Als Prozess- und IT-Beraterin hatte ich den Auftrag in Katars Hauptstadt Doha Mitarbeiter eines Autohauses im Umgang mit ihrem Dealer Management System (DMS) zu schulen. Schnell stellte ich jedoch fest, dass ich zunächst das Thema CRM vertiefen musste. Um sich bestmöglich auf die neue Situation einzustellen, wollte der Autohändler zunächst prüfen lassen, wie seine Mitarbeiter das Dealer Management System (DMS) für die Kundenbetreuung bislang nutzen. Wie in den meisten europäischen Autohäusern wurde das DMS noch nicht optimal zur Pflege der Kundendaten genutzt. So fand sich eine Vielzahl von Dubletten, fehlten Telefonnummern, waren E-Mail-Adressen falsch eingegeben oder Firmen als Privatpersonen angelegt.

Schon am ersten Schulungstag merkte ich während der Arbeit in den verschiedenen Gruppen deutlich, dass es nicht damit getan ist, den Umgang mit der Software zu trainieren. Ich musste erst einmal ein grundsätzliches Verständnis dafür schaffen, was CRM eigentlich bedeutet. Ich musste vermitteln, dass CRM zwar auf der einen Seite bedeutet, einen individuellen und informellen Umgang mit den Kunden zu pflegen - das war bislang ja auch schon der Fall. Auf der anderen Seite hatte ich zu verdeutlichen, dass standardisierte Prozesse einzuhalten sind. Wenn sich ein Kunde beispielsweise beschwert, sollte der Verkäufer individuell darauf reagieren und eine Lösung vorschlagen können. Die Mitarbeiter sollten verstehen, dass die Beschwerde zu dokumentieren ist, damit auch die übrigen Beschäftigten informiert sind.

Erst als diese Grundlagen gelegt waren und die Mitarbeiter verstanden hatten, weshalb eine akribische Datenpflege auch in ihrem Interesse ist, widmeten wir uns den einzelnen Prozessen und deren Abbildung im Dealer Management System.

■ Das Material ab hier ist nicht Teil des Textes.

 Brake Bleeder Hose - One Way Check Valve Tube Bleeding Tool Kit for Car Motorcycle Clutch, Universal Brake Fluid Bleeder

Die islamischen Gebetszeiten strukturierten zwar den Tagesablauf, ansonsten spielten kulturelle oder religiöse Unterschiede zu Europa bei den Trainingseinheiten jedoch keine Rolle. Auch die Tatsache, dass die vorwiegend männlichen Mitarbeiter von einer Frau unterwiesen wurden, war nicht problematisch.

Die Beziehungen innerhalb der Belegschaft waren dagegen für mich Europäerin gewöhnungsbedürftig, da Mitarbeiter aufgrund ihrer ethnischen Zugehörigkeit unterschiedlich behandelt wurden. So verließen die indischen Mitarbeiter aus Respekt stets die Treppe, wenn ein arabischer oder europäischer Kollege sich auf den Weg nach unten oder oben machte. Außerdem wurden sie nie begrüßt. Ich wollte die arabischen Mitarbeiter nicht brüskieren, indem ich ihren Umgang infrage stelle, wollte aber auch den indischen Mitarbeitern respektvoll begegnen - das Fingerspitzengefühl wurde auf eine harte Probe gestellt.